You can achieve anything you want!
I became the President of Street Vibe dance society after having completed only two terms at Warwick. I proved to myself that if you put your mind to something that you really want, there is NO reason why you can’t achieve it. I’m a stammerer which made it really difficult for me to take on this role. I needed confidence and initiative and had to be able to do public speaking. It sounds corny to say that doing all this made me the person I am today, but it’s true!
You’ve already got great skills
You may think that when you come to university for the first time that you have a wide skills set, and to some extent you’re right. You’ll be good at IT, can probably have a decent stab at making a presentation and your time management isn’t bad. You managed to juggle everything at school and still got great A Levels. However, I guarantee that if you get involved in university life, your skills will improve exponentially while you’re there. Be reflective as well as proactive. Your current skill level will probably get you through your first year, but if you want to move on and do really well you’ll need to develop. You’ll have to work on your skills – not just your academic studies. Think about what you’re not so good at and work on an improvement plan. That’s more challenging than working on the things at which you already excel but in the end will make more difference to your future. It’ll allow you to present yourself as a well-rounded individual to employers. People will tell you that with a degree from Warwick doors will open – they’re not lying. However, these doors will open much wider if you can demonstrate and showcase all the extra skills you learnt while you were here. Employers will love you!
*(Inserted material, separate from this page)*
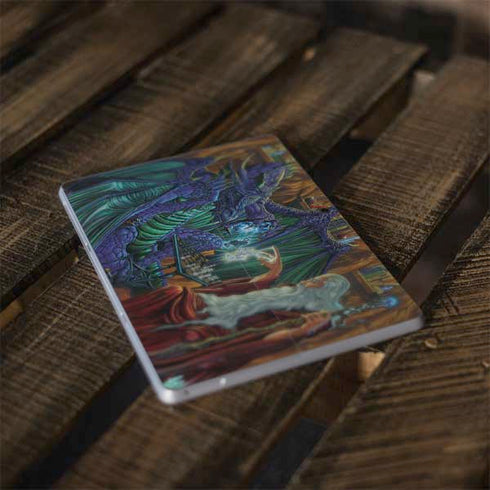 Ed Beard Jr. Dragon and Wizard Playing Chess Surface Go Skin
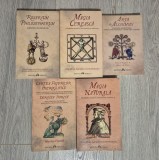 Quinta Essentia Pachet Valoric, Set 5 cărți Toma de Aquino, Cornelius Agrippa, Nicolas Flamel, Rosarium Philosophorum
The confidence to campaign
In January during my final year I decided that I really wanted to make a difference. I set up a campaign called STUC (Stammerers Through University Campaign), designed to support staff and students who stammer, to make the most of their time at university and to achieve to their full potential. By the time my finals were over that May, I had set up a website, Facebook page and Twitter feed . I had also involved others. I held a Focus Group at Warwick to help me get going and obtained a grant of £500 from the university to assist me in my campaign. I guaranteed partnerships with Newcastle University and the British Stammering Association. A few months down the line I now have interest from Oxford University, UCL, KCL, Cambridge University and Google! I am so proud of this. From pushing myself outside my comfort zone in my first year I developed the skills and the confidence to set up this campaign single handedly and it now has a life of its own. I needed all my powers of management, communication, perseverance and initiative to get to where we are with the campaign. I saw that something needed doing and did it! So can you!
Take advantage of everything
I know of some people who have just graduated from Warwick who did not participate in any societies and sports; I think they missed out! University is one of the only times in your life when things are on your doorstep, either at a very low cost or even free of charge. So don’t graduate from a top university without having taken advantage of all it has to offer!”